There have been times in my own life where I have not been “consistent in actions”, faithful in the words I spoke, “till death do us part”. Yes, I have been divorced twice (not something you probably expected to hear this morning, right?) If you are the type to “compare” who I am now, based upon who I was then…you don’t have to. My sin has already been judged, and I have gotten back up once again to continue my journey of salvation. It’s hard to judge someone when you realize how many times you have fallen down, and how many times He has picked you back up again.
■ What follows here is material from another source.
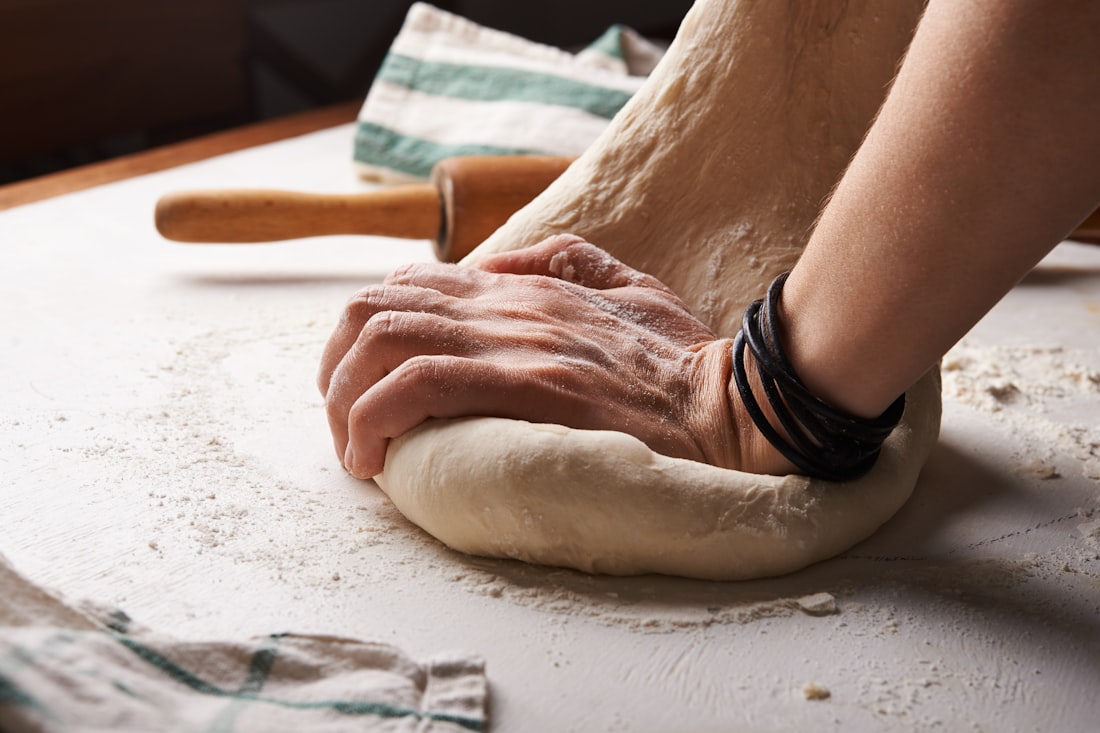 A baker kneading fresh dough by hand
My two divorces left me in utter devastation. I lost it all. I was stripped of all. I lost complete confidence in anybody’s “consistency of actions”, including Abba’s. For a time, I entered a very rebellious stage. I didn’t care about my own “consistency of actions”, because I never saw it in the people I thought that loved me, cared for me. Maybe it was there, but I was too blinded by my own selfishness. The brokenness inside did not produce humility, but a selfish pride that left me a very ugly, angry person.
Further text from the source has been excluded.